---------- Data to examine
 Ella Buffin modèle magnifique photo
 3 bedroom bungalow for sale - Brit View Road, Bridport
--------------------
---------- Data to examine
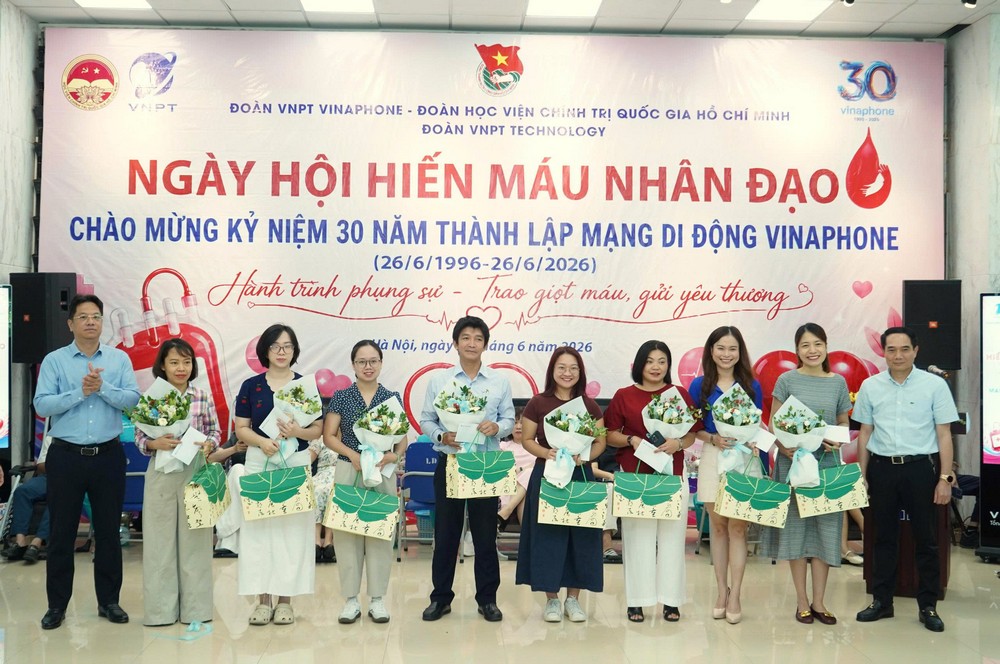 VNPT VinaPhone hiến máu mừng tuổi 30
--------------------
---------- Data to examine
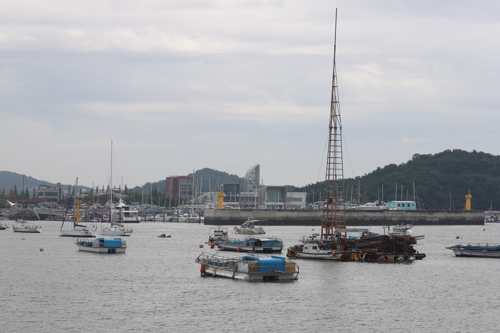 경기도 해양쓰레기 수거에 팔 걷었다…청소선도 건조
--------------------
- [Work instructions] From the records above, repeat exactly the lines from the one with "Ella Buffin modèle magnifique photo" through the one with "3 bedroom bungalow", both included.

- [Exercise output]
 Ella Buffin modèle magnifique photo
 3 bedroom bungalow for sale - Brit View Road, Bridport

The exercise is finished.